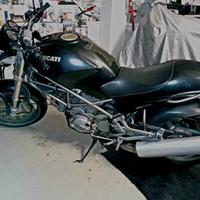 Ducati Monster 600 Dark 2001 - The last DESMO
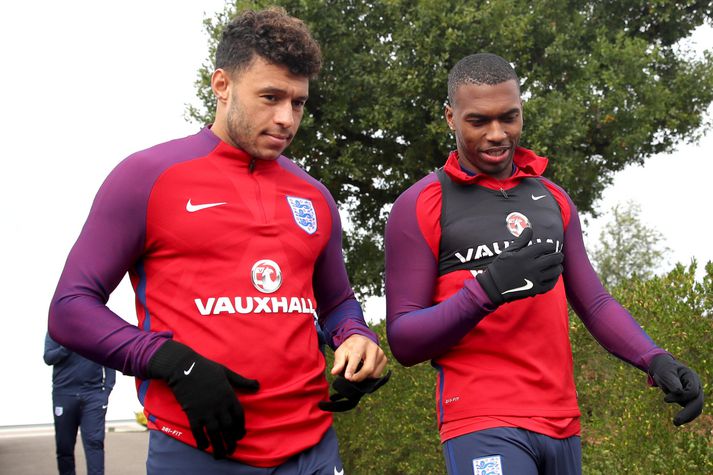 Alex Oxlade-Chamberlain og Daniel Sturridge á æfingu enska landsliðsins.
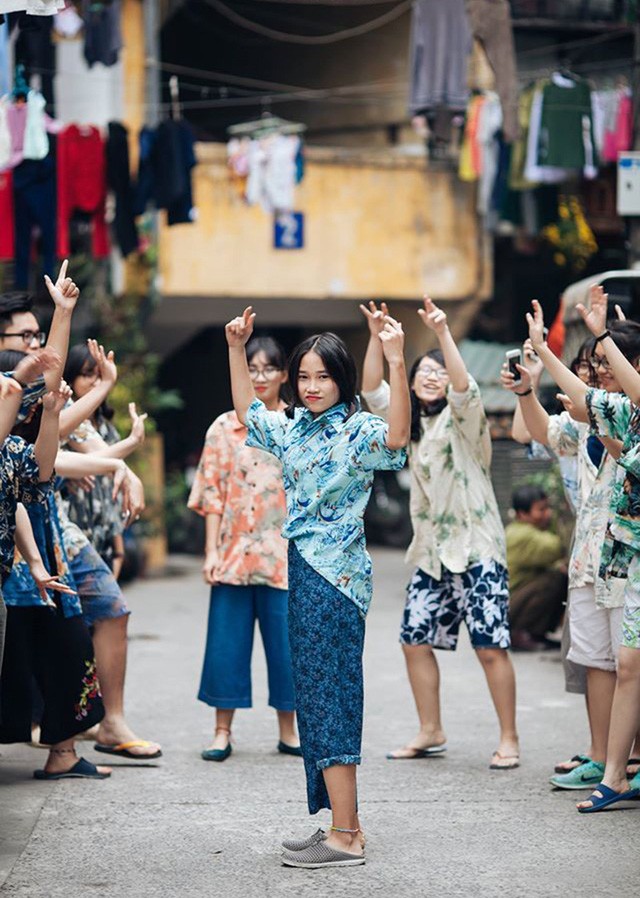 Thú vị bộ ảnh kỷ yếu mang phong cách thời bao cấp của teen Hà Nội - ảnh 11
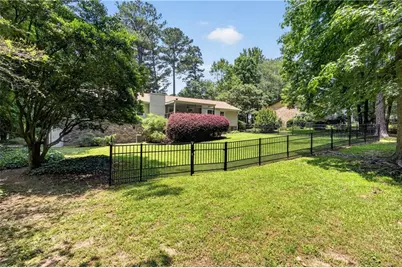 2868 Hickory Lane, Snellville, GA 30078 - Photo 33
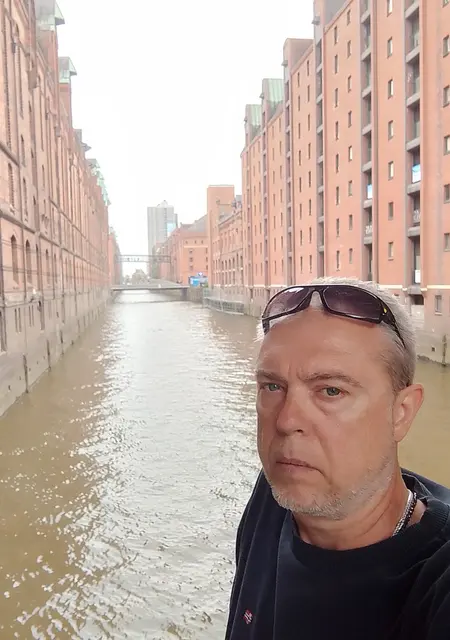 Александр из Гомеля, ищу на сайте знакомства без обязательств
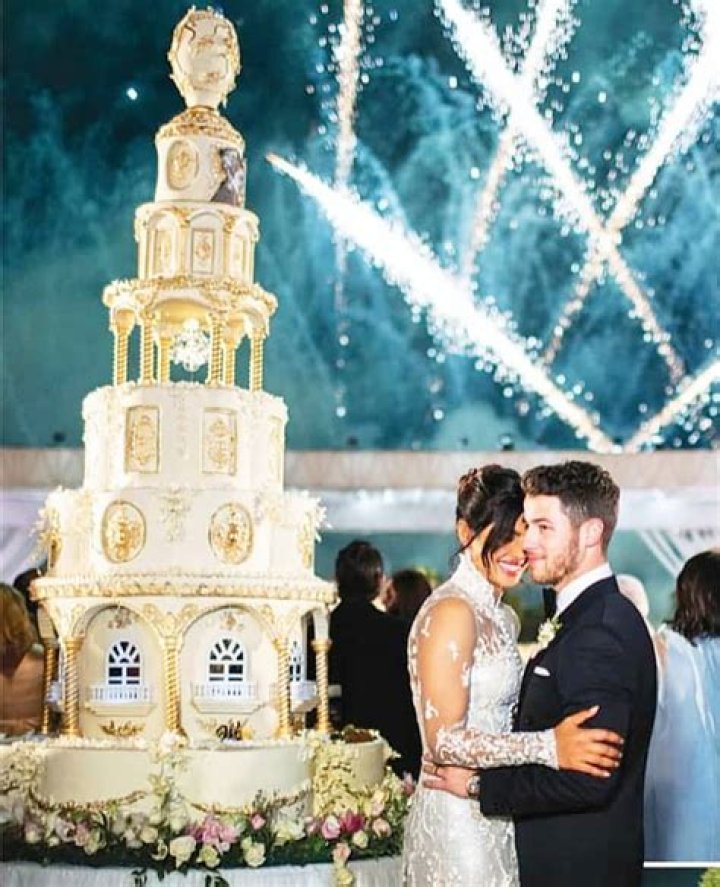 7 Most Expensive Wedding Cake Of Celebrities! 7 Most Expensive Wedding Cake Of Celebrities!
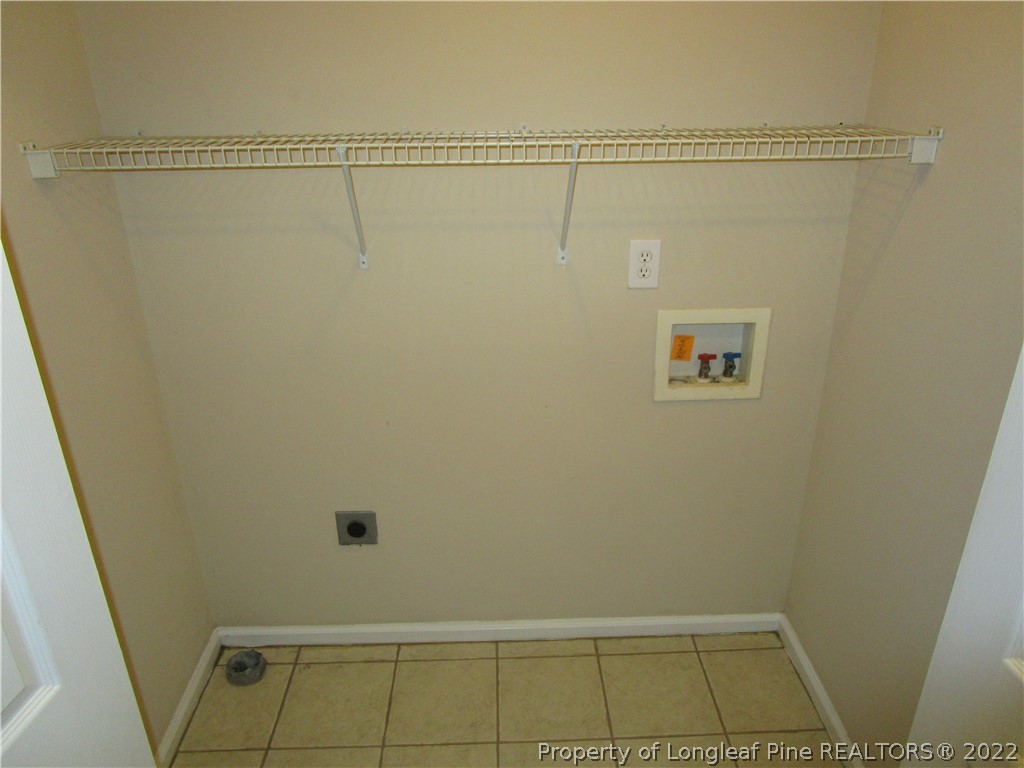 4328 Rocinta Court Hope Mills, NC 28348 - Photo 27 of 39 a view of a small room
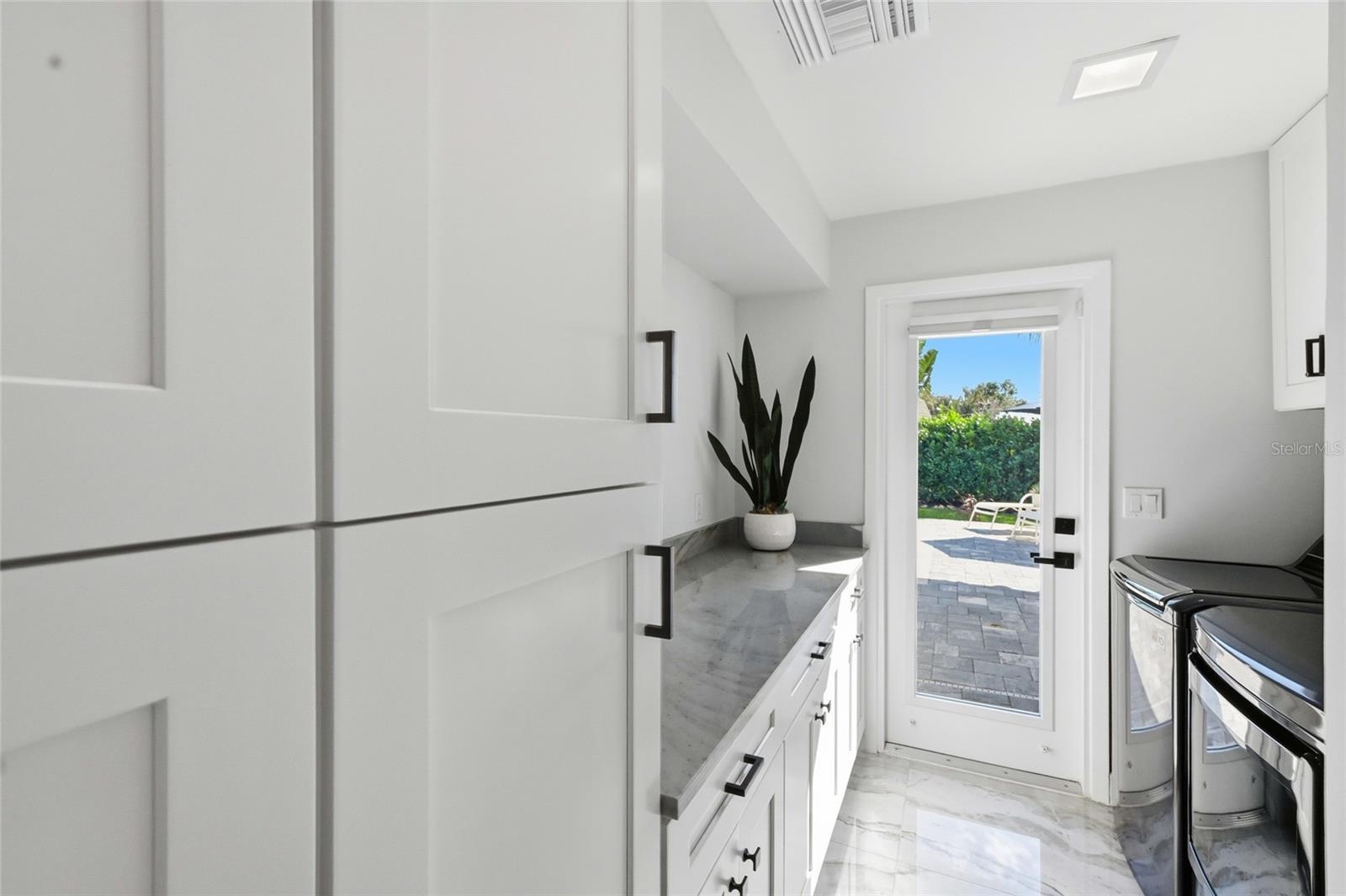 RIVERVIEW PINES - Residential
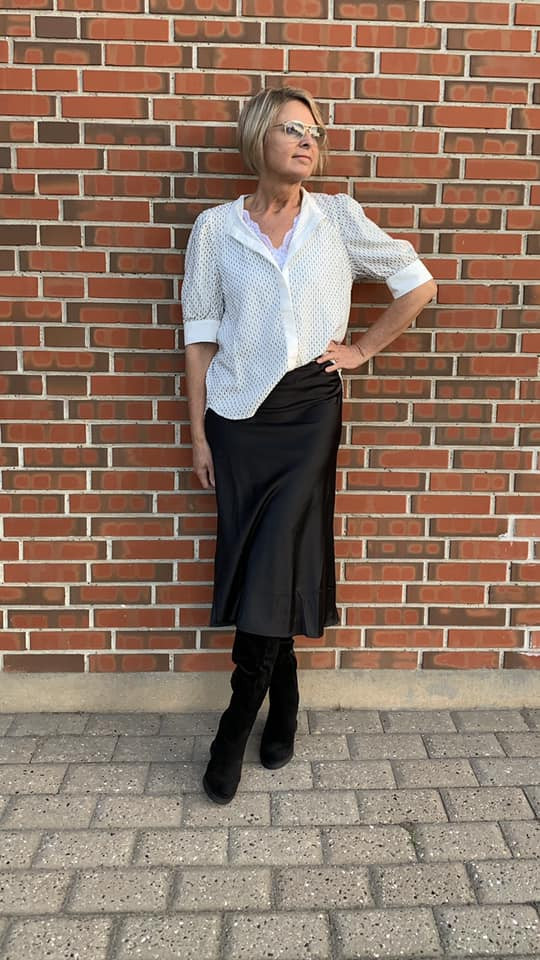 Costa Mani sort nederdel. 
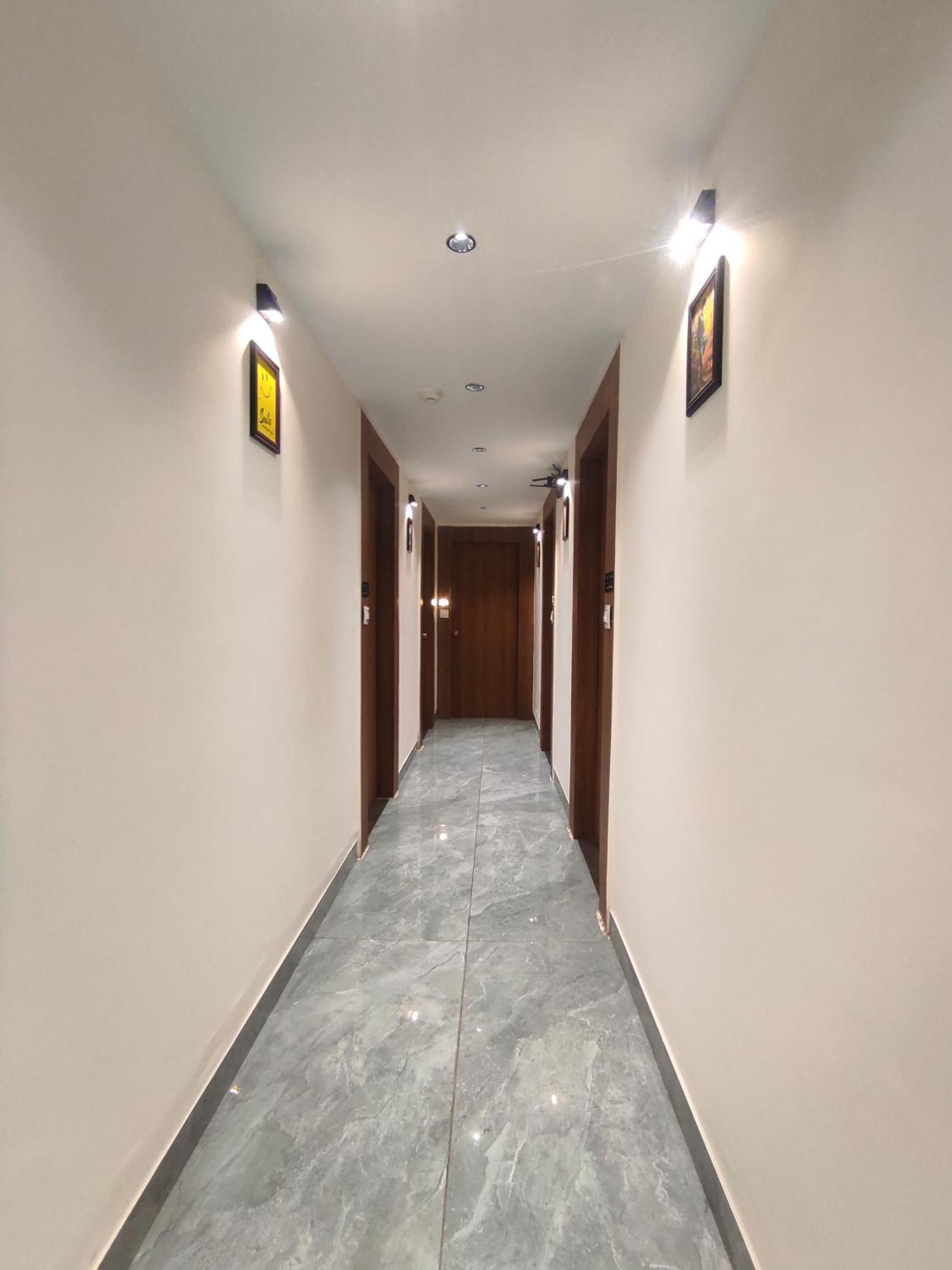 Hotel Earth Inn, Subhash Bridge, Rto Circle, 3*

============================================================

**Action item**
Except for the pictures, set down all of the records exactly.

**The completed task**
 Ducati Monster 600 Dark 2001 - The last DESMO
 Alex Oxlade-Chamberlain og Daniel Sturridge á æfingu enska landsliðsins.
 Thú vị bộ ảnh kỷ yếu mang phong cách thời bao cấp của teen Hà Nội - ảnh 11
 2868 Hickory Lane, Snellville, GA 30078 - Photo 33
 Александр из Гомеля, ищу на сайте знакомства без обязательств
 7 Most Expensive Wedding Cake Of Celebrities! 7 Most Expensive Wedding Cake Of Celebrities!
 4328 Rocinta Court Hope Mills, NC 28348 - Photo 27 of 39 a view of a small room
 RIVERVIEW PINES - Residential
 Costa Mani sort nederdel. 
 Hotel Earth Inn, Subhash Bridge, Rto Circle, 3*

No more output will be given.